[Start of section]
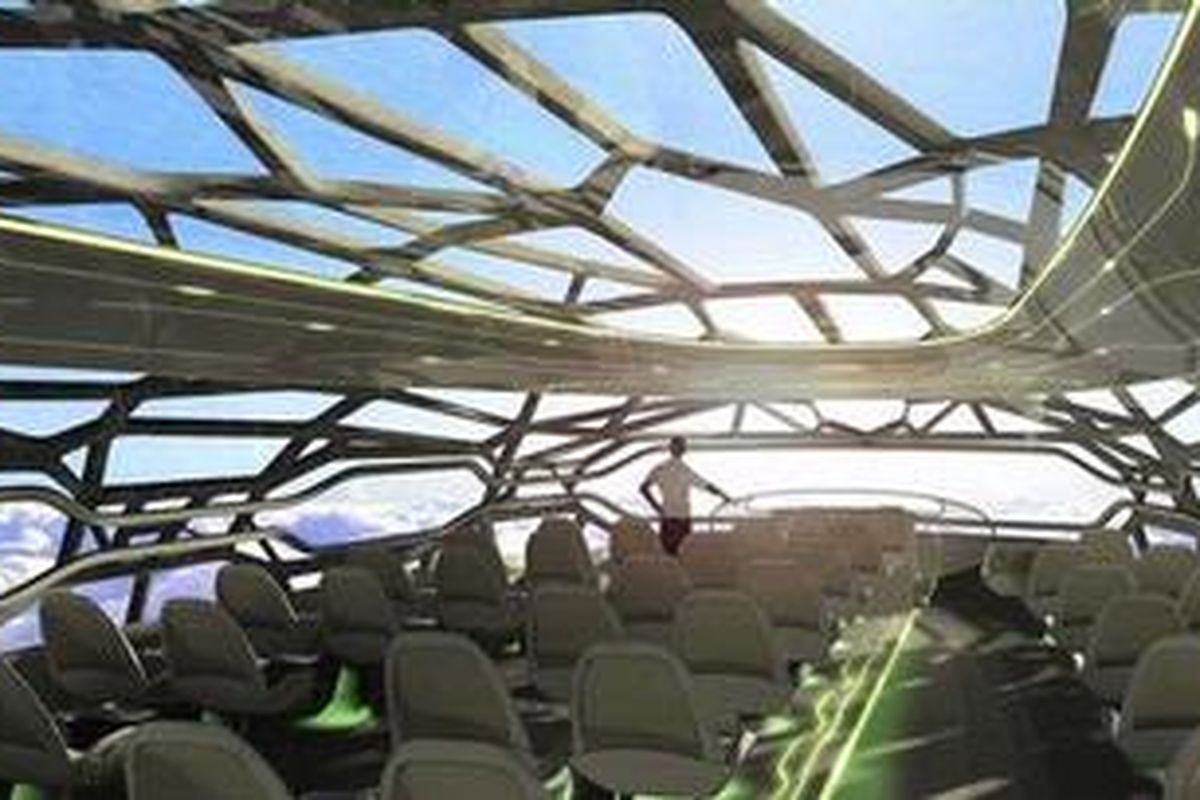 Undated handout image by Airbus released to Reuters June 14, 2011 shows a passenger looking at the panoramic view from the "vitalising zone" of their "Concept Cabin". Airbus released the series of images as part of their vision for aviation in 2050, ahead of Paris Airshow.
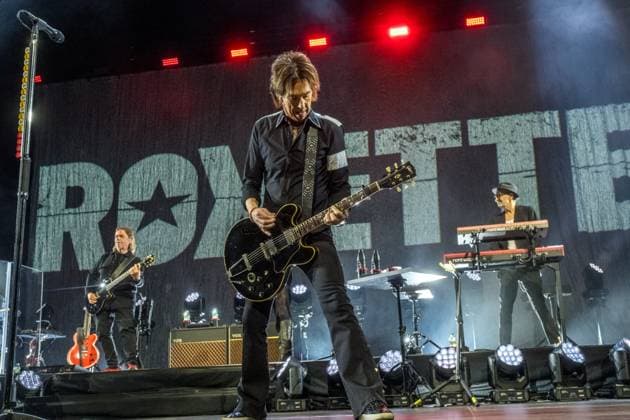 Roxette celebrate their first concert in Germany for almost nine years at the Quarterback Immobilien Arena in Leipzig Per Gessle and singer Lena Philipsson perform the biggest hits in the bands history, incl
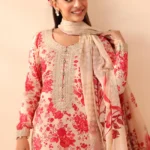 Maria B-Linen Printed 3pc with Heavy Embroidered Patches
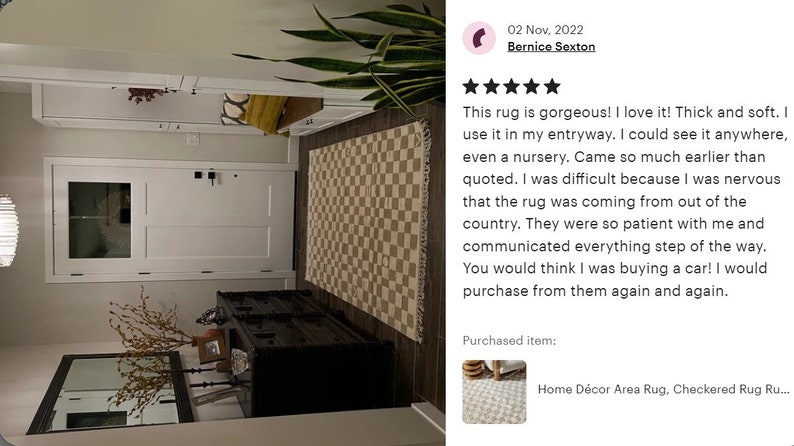Handmade Checkerboard Area Rug: Checker  Wool Moroccan Carpet For Bedroom And Guestroom, Christma's Gift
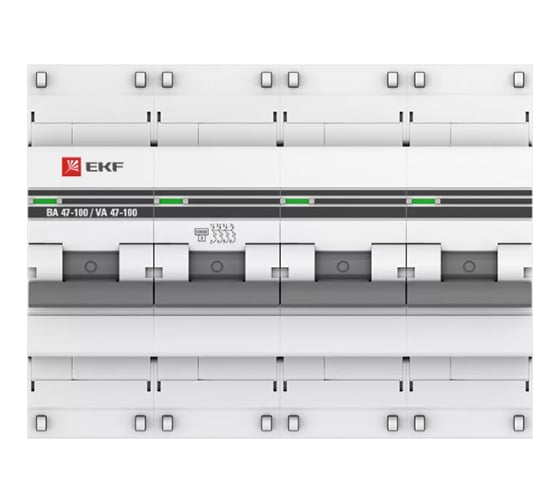 Изображение товара Автоматический выключатель EKF PROxima ВА 47-100 4P, 32А, D, 10kA mcb47100-4-32D-pro
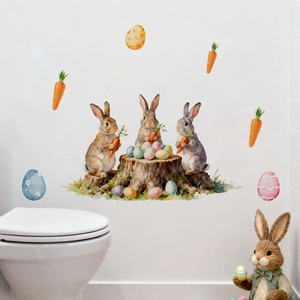 Watercolor Easter wall stickers with cute bunnies and colorful eggs for nursery decor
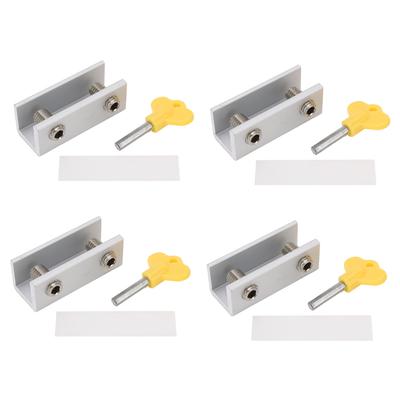 4er Set Fensterverriegelung Aluminiumlegierung Verstellbarer Sicherheitsriegel Stopper mit Schlüssel für Vertikales Horizontales Schiebefenster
[End of section]
Instructions for the task: Could you repeat the entries word for word, skipping the pictures they contain?

Output of the task:
 Undated handout image by Airbus released to Reuters June 14, 2011 shows a passenger looking at the panoramic view from the "vitalising zone" of their "Concept Cabin". Airbus released the series of images as part of their vision for aviation in 2050, ahead of Paris Airshow.
 Roxette celebrate their first concert in Germany for almost nine years at the Quarterback Immobilien Arena in Leipzig Per Gessle and singer Lena Philipsson perform the biggest hits in the bands history, incl
 Maria B-Linen Printed 3pc with Heavy Embroidered Patches
Handmade Checkerboard Area Rug: Checker  Wool Moroccan Carpet For Bedroom And Guestroom, Christma's Gift
 Изображение товара Автоматический выключатель EKF PROxima ВА 47-100 4P, 32А, D, 10kA mcb47100-4-32D-pro
 Watercolor Easter wall stickers with cute bunnies and colorful eggs for nursery decor
 4er Set Fensterverriegelung Aluminiumlegierung Verstellbarer Sicherheitsriegel Stopper mit Schlüssel für Vertikales Horizontales Schiebefenster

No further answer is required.